• SUPPLIED RECORDS
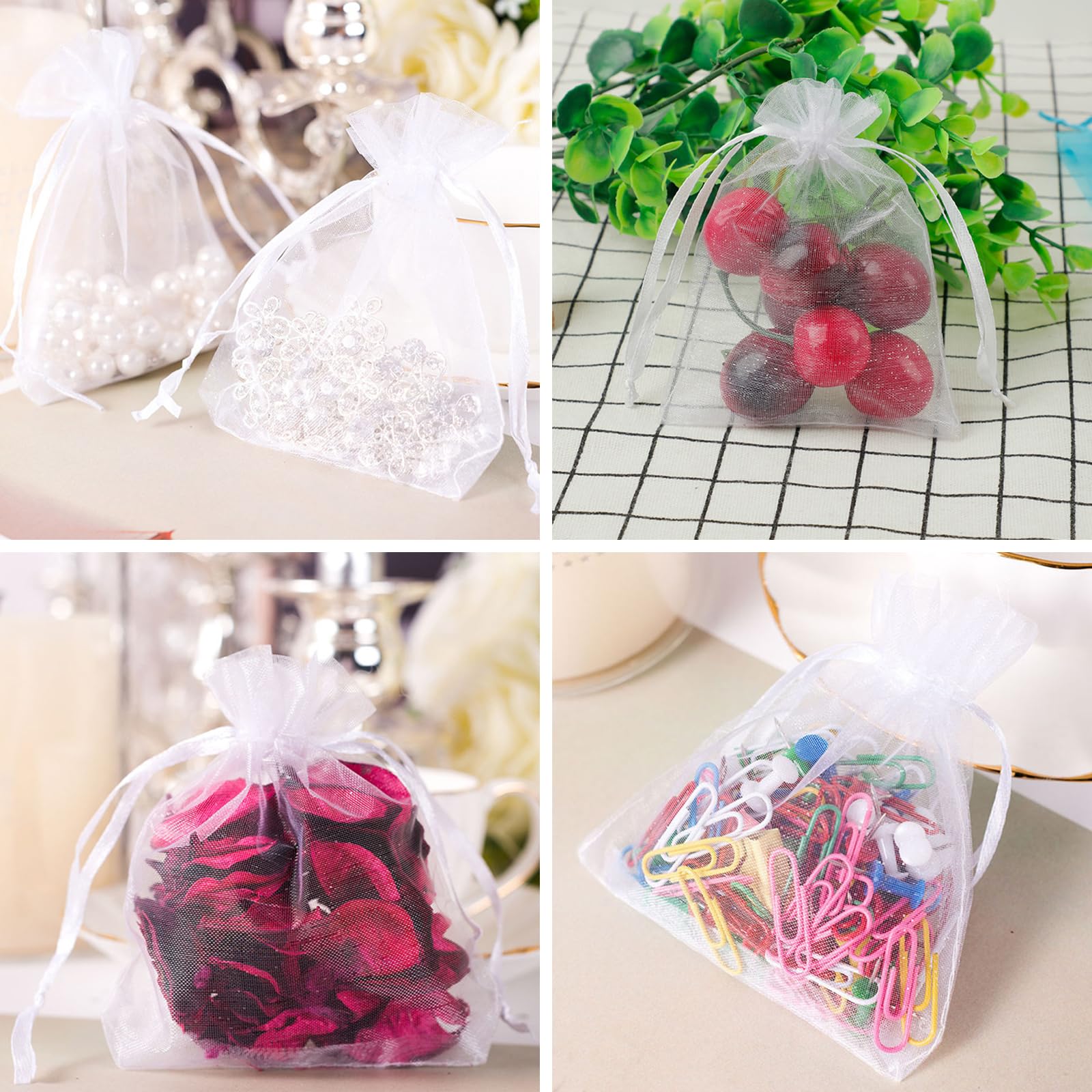 Piccoli Sacchetti Regalo In Organza, 100 Sacchetti, Colore Grigio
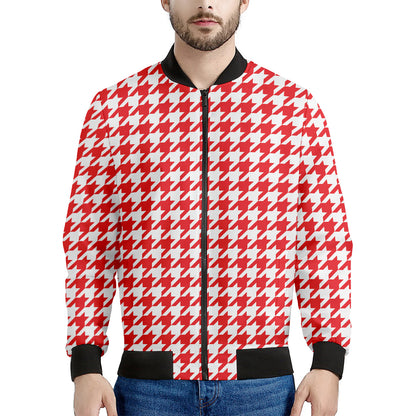 Red And White Houndstooth Pattern Print Men's Bomber Jacket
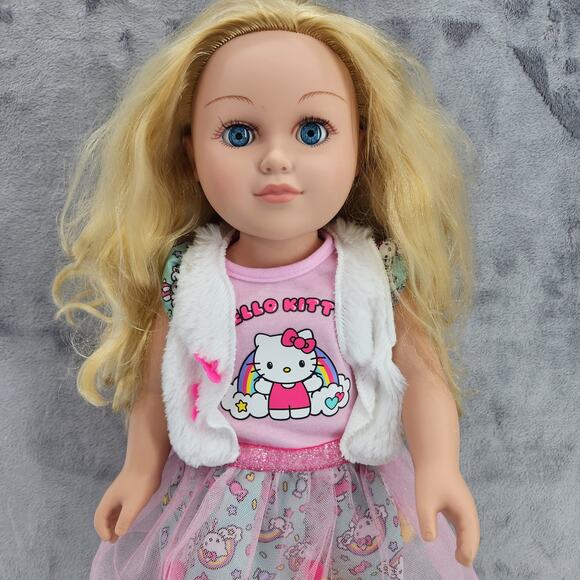 My Life 18" Blonde Doll Hello Kitty outfit - ADORABLE!!! open & close blue eyes - Picture 2 of 13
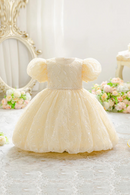 Dress For Kids Girls Champagne Sequined Children's Party Wedding Prom Ball Dance Performance Elegant 4-7 Years
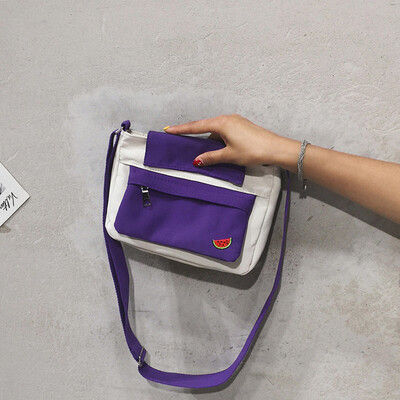 

Tailored Women Bag Fashion Shoulder Bag Fruit Embroidered Contrast Color Messenger Bag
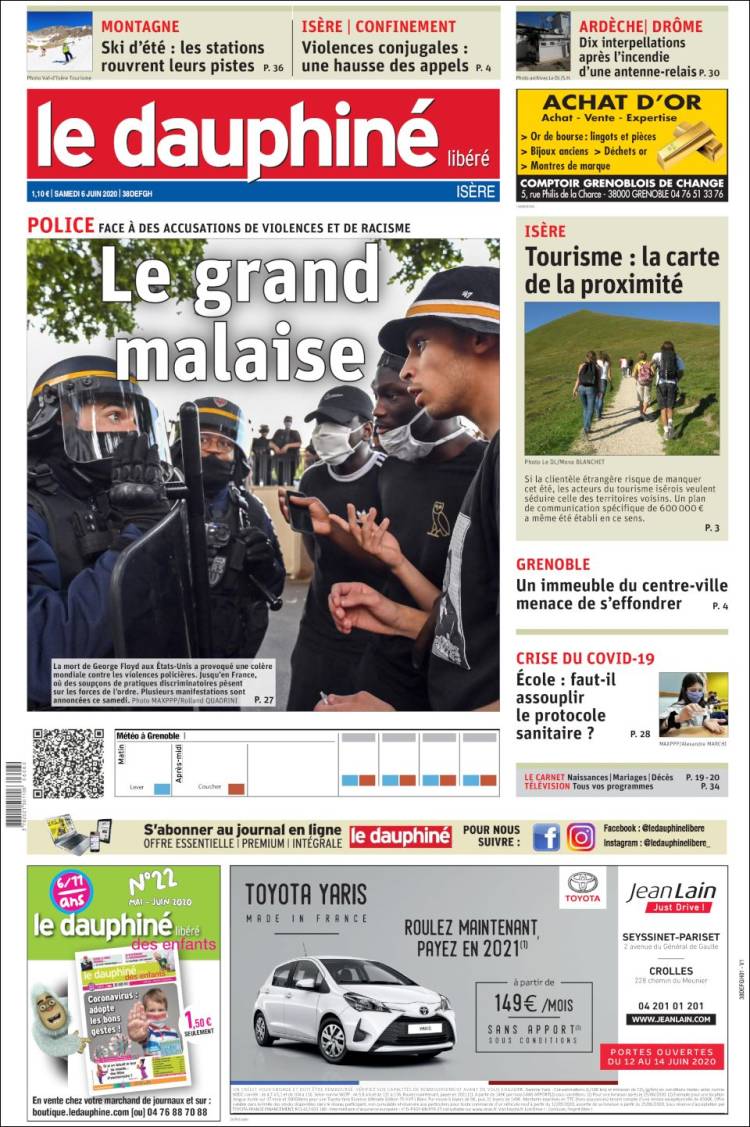 Portada de Le Dauphiné Libéré (Francia)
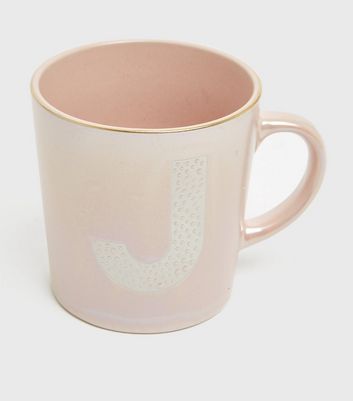 Image of Pale Pink Iridescent Speckled J Initial Mug New Look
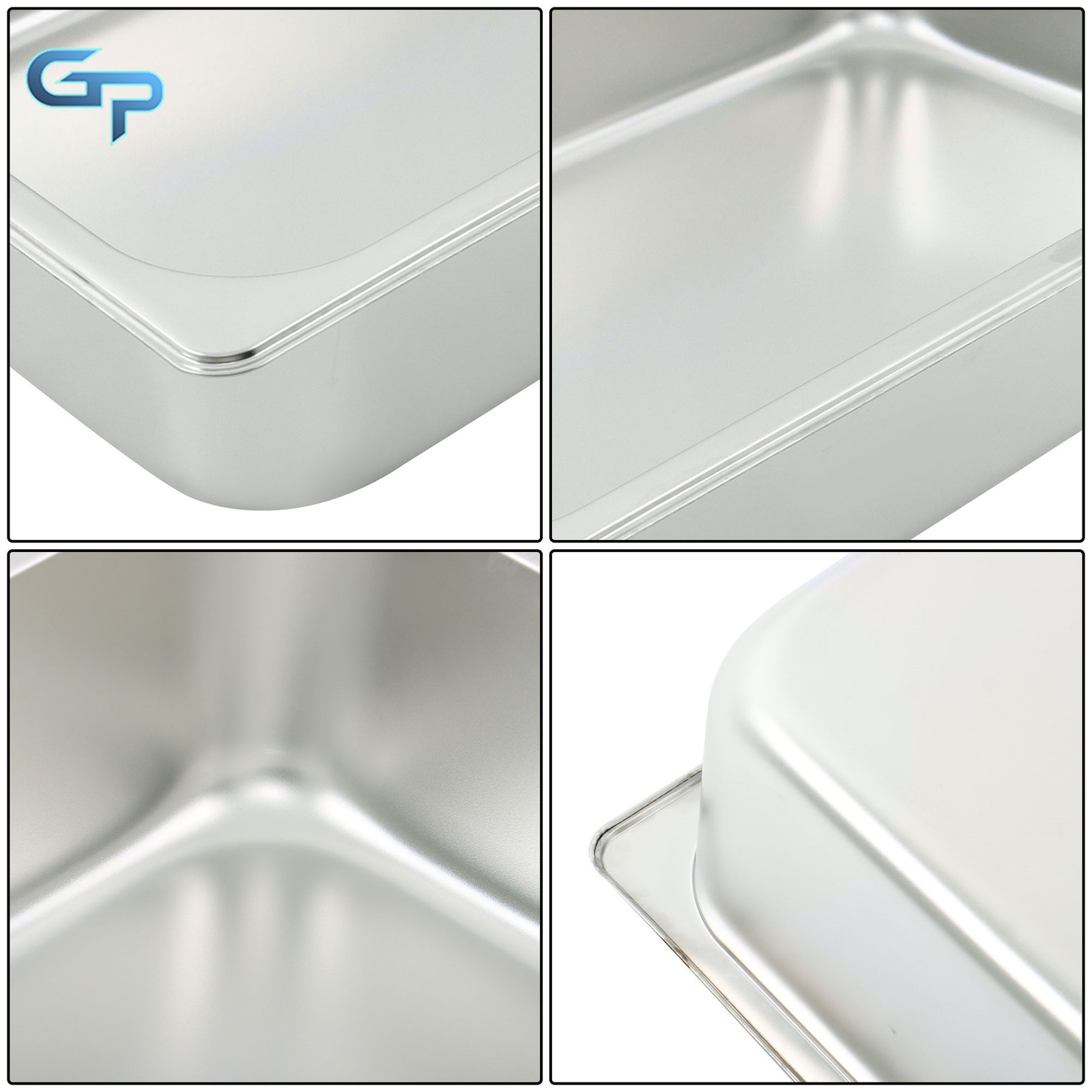 Stainless Steel Full Size Food Pans with Lids – Set of 4 for Buffet Service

• WORK INSTRUCTION
Any pictures are to be skipped, and the lines from the beginning of the entries through the line with "Image of Pale" copied exactly.

• TASK ANSWER
 Piccoli Sacchetti Regalo In Organza, 100 Sacchetti, Colore Grigio
 Red And White Houndstooth Pattern Print Men's Bomber Jacket
 My Life 18" Blonde Doll Hello Kitty outfit - ADORABLE!!! open & close blue eyes - Picture 2 of 13
 Dress For Kids Girls Champagne Sequined Children's Party Wedding Prom Ball Dance Performance Elegant 4-7 Years

Tailored Women Bag Fashion Shoulder Bag Fruit Embroidered Contrast Color Messenger Bag
 Portada de Le Dauphiné Libéré (Francia)
 Image of Pale Pink Iridescent Speckled J Initial Mug New Look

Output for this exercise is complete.